Kur’an’da adı geçen; “Biz Lokman’a hikmet verdik,” diye, Allah cc. Tarafından bildirilen, Lokman Hâkim’i tanıyınız. Öğütlerini öğreniniz.

Peygamberimiz buyuruyor: “ Irkçılığa çağıran, bizden değildir. Irkçılık davası uğruna savaşan, bizden değildir. Irkçılık davası uğruna ölende, bizden değildir.”

Peygamberimiz buyuruyor: “ Peygamberimiz, Yemen’e atadığı Ebu Musa El- Eşari’ye şu önerilerde bulunuyor: Kolaylaştırınız. Zorlaştırmayınız. Müjdeleyiniz. Nefret ettirmeyiniz. Birbirinizle anlaşın. İyi geçinin. Ayrılığa düşmeyiniz.”

Hadis- şerif: “Günahın arkasından hemen bir iyilik ve hayır yetiştirin ki, onu yok etsin.”

Hadis-i şerif: “İyi geçimli olun. İhtilaflı, geçimsiz olmayın.”

Al-i İmran süresi 73. Ayet: “ … De ki; Doğru yol yalnız Allah’ın gösterdiği yoldur… ”

Bugün, ülkemizde ve tüm dünyada insanlar, aileler, toplumlar, milletler bozulmuş ise bunun başlıca sebebi; kötü devlet yönetim politikalarıdır. Haramdan beslenenlerin oluşturduğu, kültür politikalarıdır. İdeolojik sapkınlıklar ve beşeri sapık görüşlülüklerdir. Yanlış, sapan düşünce uygulamaları; insanları, aileleri, toplumları, insanlığı, devlet yönetimini her yönü ile mahvetmektedir. İnsanların dost ve kardeşliğini, dayanışmasını, birlikteliğini, üretimini, tüketimini, güvenini, ahlakını, liyakatini, adaletini, doğruluğunu, dürüstlüğünü, umudunu kırmış, yok etmiş, bozmuştur. Göçlere neden olmuştur. Ülkemiz şu anda 84 milyon nüfusa erişmiş ise bunu net bilmiyorum ama yarısı göçtür. İnsanlar yerinden, yurdundan edilmiştir. İnsanlık sorunları ortaya çıkarılmıştır. Toplumlar kibir, gurur, gösteriş budalası, israf ekonomisi ile mahvedilmektedir. Bir de bunlar iyi, güzel, normalmiş gibi gösterilmektedir.

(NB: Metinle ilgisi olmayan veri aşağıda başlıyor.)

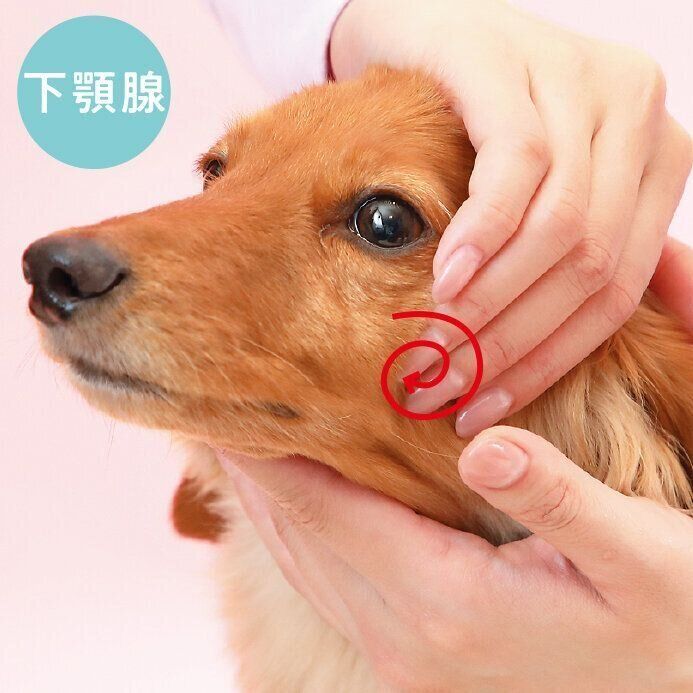 下顎腺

Toplumlar, sapkın düşünce uygulamalarıyla dağılmış, birbirine düşürülmüş. Şaşırmış. Sapıtmış. Ayrılmış. Akılsızlaştırılmış. Kirletilmiş. Hak ve hakikat unutturulmuştur. Bize düşen görev; hak ve hakikati yeniden tesis etmektir.